[Records shown Boundary: Start]

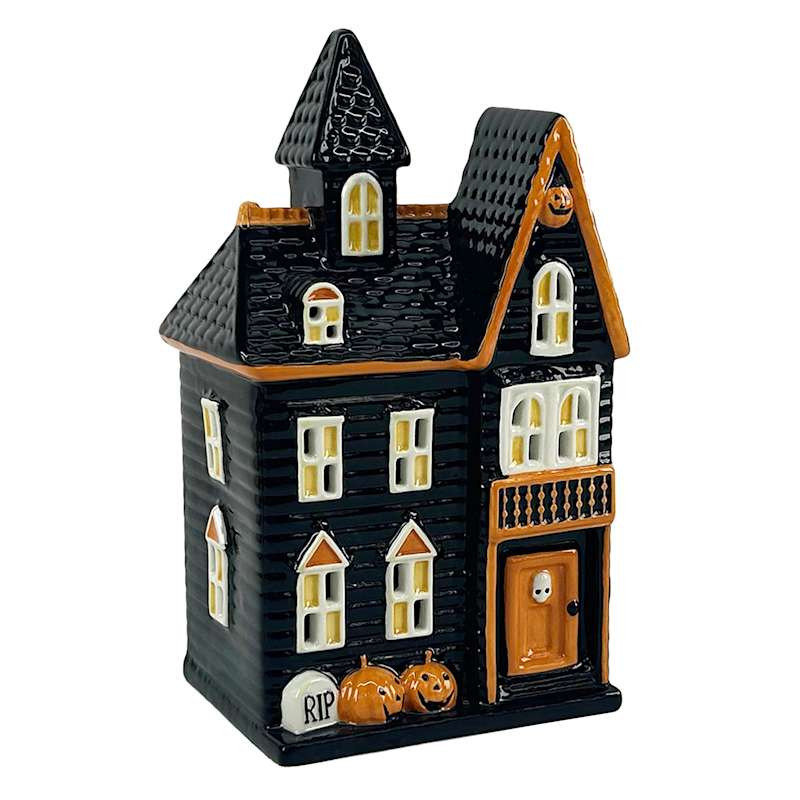 Black & Orange Ceramic Halloween House, 11.2" | At Home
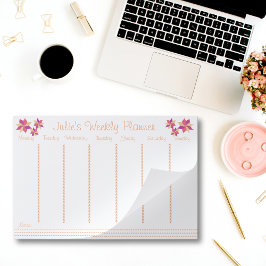 Personalized Floral Weekly Planner Pad ペーパーパッド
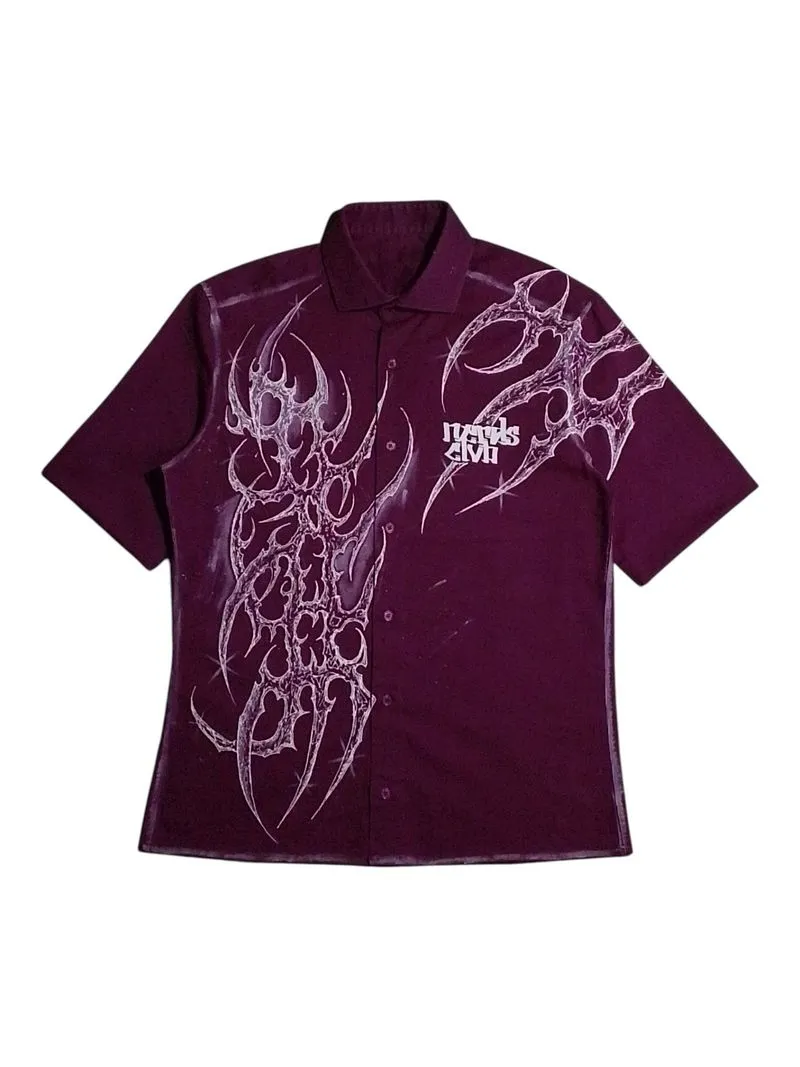 boxy shirt handmade painted burgundy "cybersigilism" photo 1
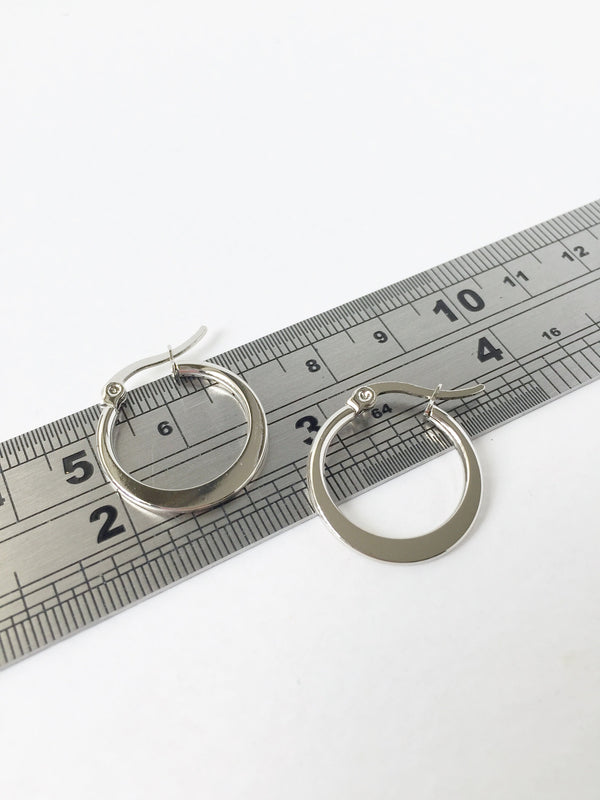 1 pair x Stainless Steel Flattened Hoop Earrings, 20x19.5mm (1907S)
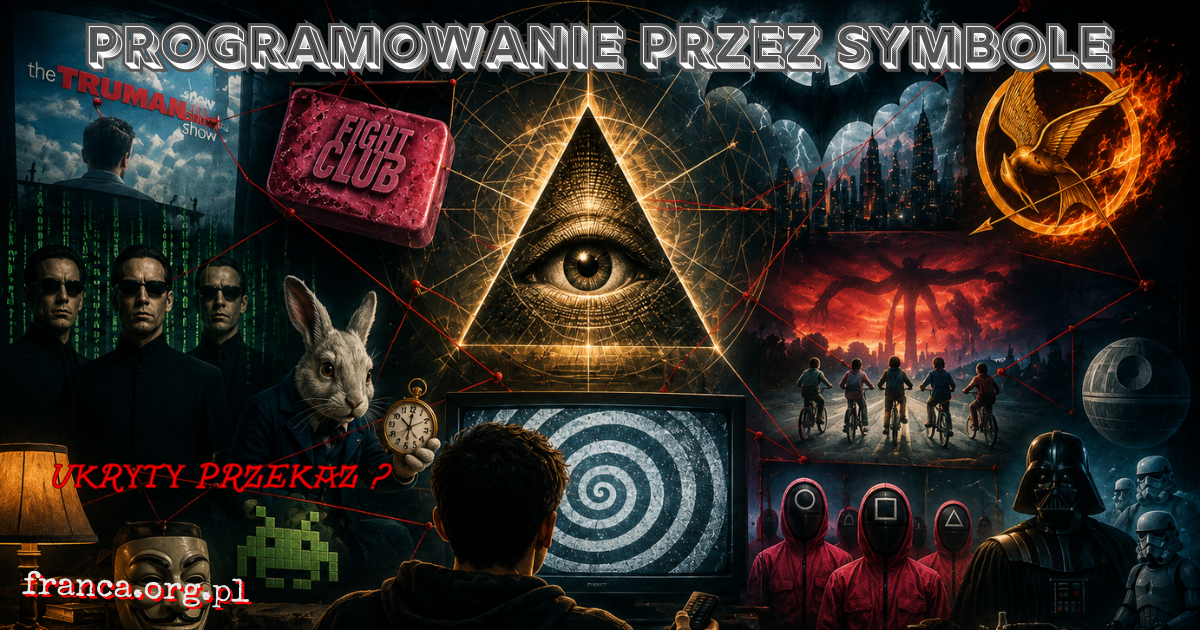 Surrealistyczna scena popkulturowa z widzem obserwującym świetlne symbole, które wyglądają jak ukryty mechanizm interpretacji, bez tekstu i logotypów.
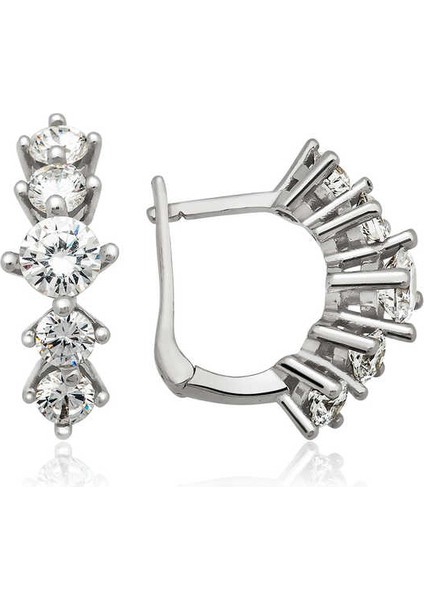 925 Ayar Gümüş 5 Taş Küpe T4234 (800800)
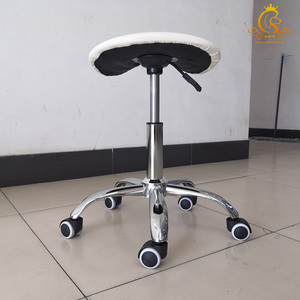 Tabouret de barbier portable en fer pour chats, chiens et salons de beauté Tabouret de selle en cuir blanc réglable sur roulettes EUR - Product Image 4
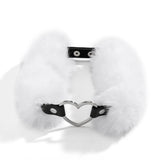 Sweet Faux Fur Love Heart Choker Necklace For Women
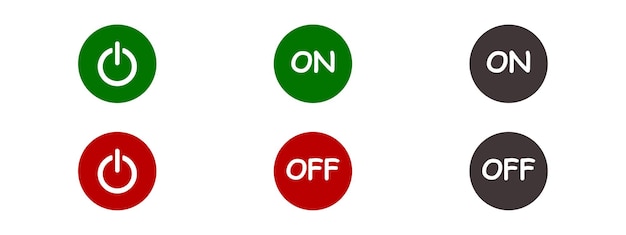 On off power button Switch on off icon Power button set Turn on and off in vector design
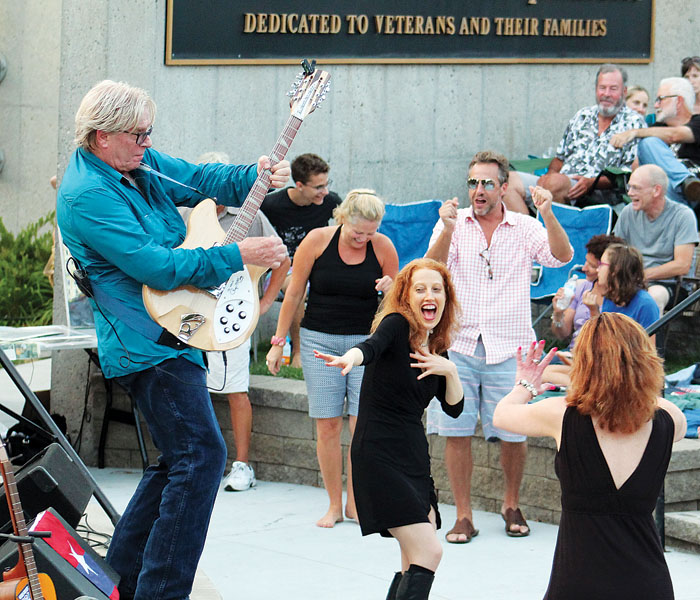  Kevin Odegard, who played with Bob Dylan on the 1974 album “Blood on the Tracks,” rocks out to a Dylan tune at the annual “Salute to the Music of Bob Dylan” Aug. 1 at Veterans’ Memorial Amphitheater in St. Louis Park. The event doubles as a fundrais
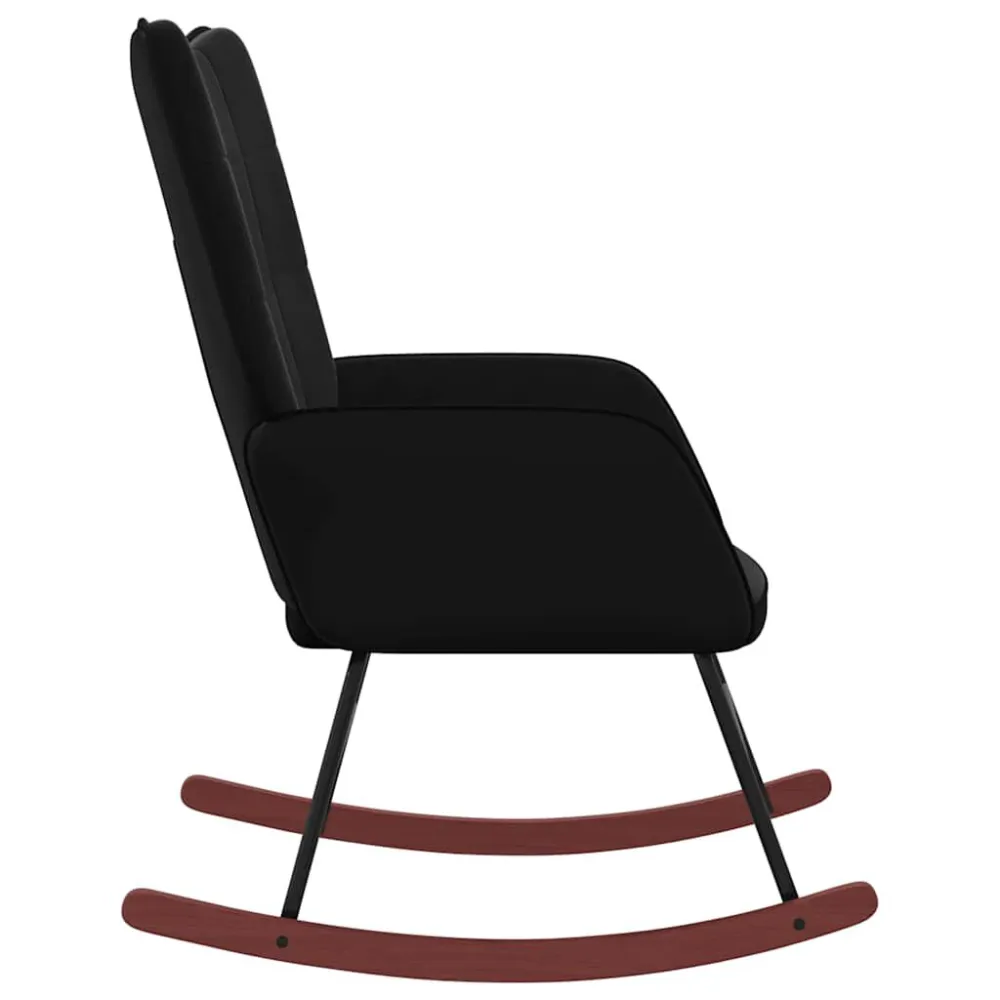 Sedia Dondolo Nera Velluto e PVC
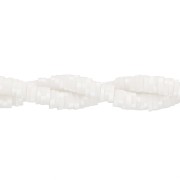 Perles rondelles Heishi en pâte polymère 4x1 mm - Multi Blanc x40cm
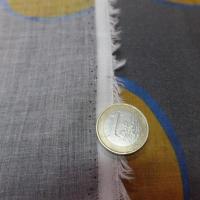 Voile de coton gris a gros pois safran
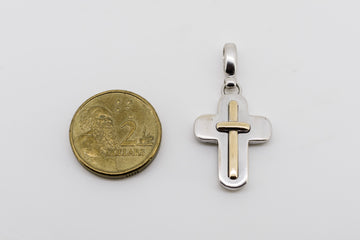 18CT WHITE AND YELLOW GOLD CROSS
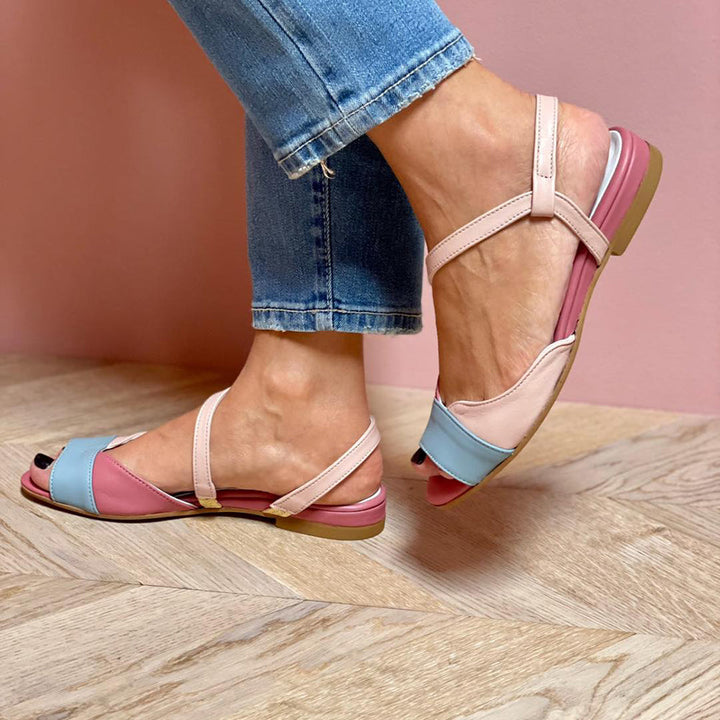 Roselina | Pink Asymmetrical Colour Block Sandals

[Records shown Boundary: End]

Omit every picture, then write out the entries above exactly.

Your response:
 Black & Orange Ceramic Halloween House, 11.2" | At Home
 Personalized Floral Weekly Planner Pad ペーパーパッド
 boxy shirt handmade painted burgundy "cybersigilism" photo 1
 1 pair x Stainless Steel Flattened Hoop Earrings, 20x19.5mm (1907S)
 Surrealistyczna scena popkulturowa z widzem obserwującym świetlne symbole, które wyglądają jak ukryty mechanizm interpretacji, bez tekstu i logotypów.
 925 Ayar Gümüş 5 Taş Küpe T4234 (800800)
 Tabouret de barbier portable en fer pour chats, chiens et salons de beauté Tabouret de selle en cuir blanc réglable sur roulettes EUR - Product Image 4
 Sweet Faux Fur Love Heart Choker Necklace For Women
 On off power button Switch on off icon Power button set Turn on and off in vector design
  Kevin Odegard, who played with Bob Dylan on the 1974 album “Blood on the Tracks,” rocks out to a Dylan tune at the annual “Salute to the Music of Bob Dylan” Aug. 1 at Veterans’ Memorial Amphitheater in St. Louis Park. The event doubles as a fundrais
 Sedia Dondolo Nera Velluto e PVC
 Perles rondelles Heishi en pâte polymère 4x1 mm - Multi Blanc x40cm
 Voile de coton gris a gros pois safran
 18CT WHITE AND YELLOW GOLD CROSS
 Roselina | Pink Asymmetrical Colour Block Sandals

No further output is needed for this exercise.